Über den aktuellen Gesetzentwurf der Oppositionsparteien wurde am 5. November 2020 im Deutschen Bundestag diskutiert und am 12. April 2021 schließlich im Innenausschuss des Bundestags beraten. Heute findet nun unter dem Tagesordnungspunkt 37 der 227. Plenarsitzung die abschließende zweite und dritte Beratung des von den Fraktionen FDP, die Linke und Bündnis 90/Die Grünen eingebrachten "Entwurfs eines Grundsätzegesetzes zur Ablösung der Staatsleistungen" statt. Für die um 18:40 Uhr beginnende Diskussion über den Vorschlag zur Einlösung des seit über einem Jahrhundert bestehenden Vefassungsauftrags hat man gerade einmal 40 Minuten eingeplant.

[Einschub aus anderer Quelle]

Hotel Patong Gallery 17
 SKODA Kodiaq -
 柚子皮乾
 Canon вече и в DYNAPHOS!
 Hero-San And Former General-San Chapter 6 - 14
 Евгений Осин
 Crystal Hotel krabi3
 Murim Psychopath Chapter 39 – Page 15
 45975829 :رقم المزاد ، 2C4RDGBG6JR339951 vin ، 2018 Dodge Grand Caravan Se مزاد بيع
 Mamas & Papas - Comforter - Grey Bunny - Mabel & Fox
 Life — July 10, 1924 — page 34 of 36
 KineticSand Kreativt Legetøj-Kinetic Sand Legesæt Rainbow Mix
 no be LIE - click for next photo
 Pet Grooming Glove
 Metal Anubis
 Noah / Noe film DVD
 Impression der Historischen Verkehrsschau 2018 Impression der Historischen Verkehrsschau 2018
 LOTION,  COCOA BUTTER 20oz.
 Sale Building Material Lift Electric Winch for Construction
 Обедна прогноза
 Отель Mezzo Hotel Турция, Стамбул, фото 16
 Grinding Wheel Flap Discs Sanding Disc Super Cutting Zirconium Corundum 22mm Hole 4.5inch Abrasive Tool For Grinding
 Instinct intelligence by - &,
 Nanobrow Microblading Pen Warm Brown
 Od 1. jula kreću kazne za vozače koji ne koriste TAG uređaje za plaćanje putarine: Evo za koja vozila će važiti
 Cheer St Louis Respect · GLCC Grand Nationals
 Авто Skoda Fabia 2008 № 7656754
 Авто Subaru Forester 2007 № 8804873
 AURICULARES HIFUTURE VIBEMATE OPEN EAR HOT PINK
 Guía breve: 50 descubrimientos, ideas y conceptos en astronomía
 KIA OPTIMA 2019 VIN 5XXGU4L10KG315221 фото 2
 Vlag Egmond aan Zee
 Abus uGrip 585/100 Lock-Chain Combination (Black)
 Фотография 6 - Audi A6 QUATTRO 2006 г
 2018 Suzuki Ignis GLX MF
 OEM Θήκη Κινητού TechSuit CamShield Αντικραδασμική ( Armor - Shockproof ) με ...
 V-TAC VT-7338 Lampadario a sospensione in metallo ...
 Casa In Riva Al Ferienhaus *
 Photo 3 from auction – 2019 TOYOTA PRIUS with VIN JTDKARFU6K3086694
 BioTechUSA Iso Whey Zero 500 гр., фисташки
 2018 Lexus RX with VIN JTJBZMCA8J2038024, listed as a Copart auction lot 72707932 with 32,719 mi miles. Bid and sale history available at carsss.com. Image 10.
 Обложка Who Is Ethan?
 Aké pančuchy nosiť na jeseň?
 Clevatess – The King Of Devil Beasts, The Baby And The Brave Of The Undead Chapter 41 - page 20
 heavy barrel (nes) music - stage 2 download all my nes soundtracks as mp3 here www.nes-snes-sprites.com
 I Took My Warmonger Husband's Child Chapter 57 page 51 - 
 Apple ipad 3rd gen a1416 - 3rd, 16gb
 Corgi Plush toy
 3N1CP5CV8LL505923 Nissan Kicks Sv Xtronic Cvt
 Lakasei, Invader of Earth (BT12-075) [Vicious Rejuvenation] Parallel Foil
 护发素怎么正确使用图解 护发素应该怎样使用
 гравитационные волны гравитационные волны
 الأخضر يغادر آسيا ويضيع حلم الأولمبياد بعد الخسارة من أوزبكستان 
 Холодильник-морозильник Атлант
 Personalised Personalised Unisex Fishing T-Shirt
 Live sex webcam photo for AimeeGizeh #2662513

Kein Wunder, denn die Sache scheint bereits entschieden: Die Regierungsparteien CDU/CSU und SPD hatten bereits während der ersten Diskussion des Gesetzentwurfs im November vergangenen Jahres mehr als deutlich gemacht, dass ihnen dieser Entwurf zu wenig kirchenfreundlich sei. Die Beschlussempfehlung des Ausschusses für Inneres und Heimat legt deshalb der Mehrheit der Parlamentarier die Ablehnung des Gesetzentwurfs nahe – ohne jegliche inhaltliche Begründung wohlgemerkt. Für einen entsprechenden Entwurf für ein Staatsleistungsgesetz der AfD, das ebenfalls heute unter diesem Tagesordnungspunkt diskutiert werden wird, liegt noch keine Beschlussempfehlung vor. Doch auch hier ist aufgrund mangelnder parlamentarischer Mehrheiten mit einer Ablehnung zu rechnen.

Die heutige Plenarsitzung kann man im Internet über die Webseite des Deutschen Bundestags live und im Nachhinein verfolgen.